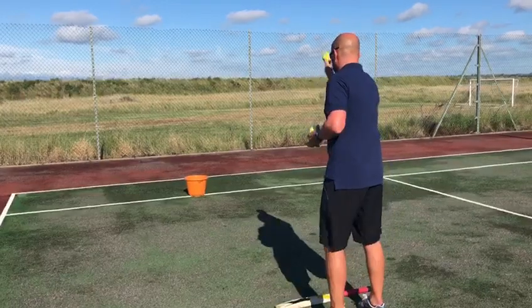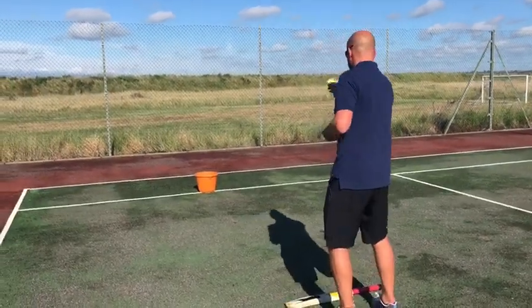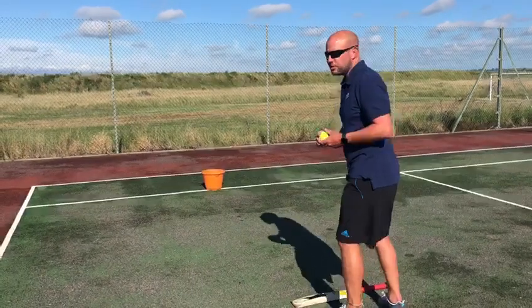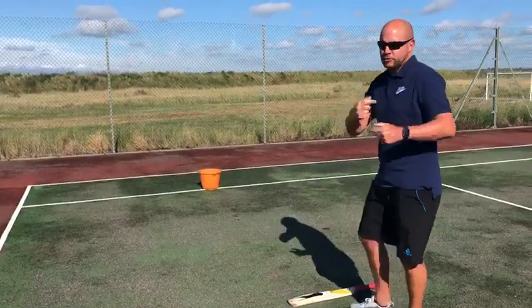Let's see what I can do. One. Two. This is the pressure shot. So I'm the first teacher.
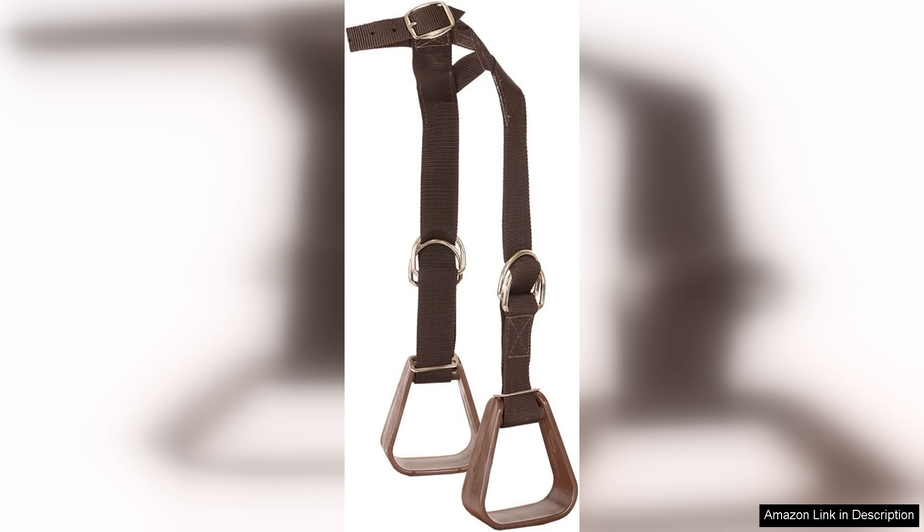Installation is a breeze and the stirrups fit most standard saddles, making them a versatile option for families with multiple ponies or horses. Additionally, the lightweight nature of the nylon reduces the overall weight of the tack, making it easier for young riders to handle their equipment.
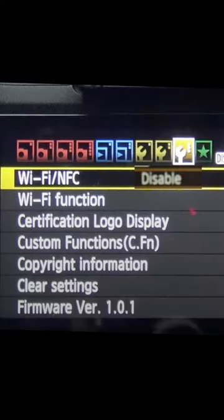This is a recent update to the settings. Please head to the 9th setting and make sure the Wi-Fi NFC is disabled.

==================================================

▶ [HOW TO COMPLETE THIS TASK] Faithful copy, images left out: write out every line of data.

▶ [RESPONSE]
Let's see what I can do. One. Two. This is the pressure shot. So I'm the first teacher.
Installation is a breeze and the stirrups fit most standard saddles, making them a versatile option for families with multiple ponies or horses. Additionally, the lightweight nature of the nylon reduces the overall weight of the tack, making it easier for young riders to handle their equipment.
This is a recent update to the settings. Please head to the 9th setting and make sure the Wi-Fi NFC is disabled.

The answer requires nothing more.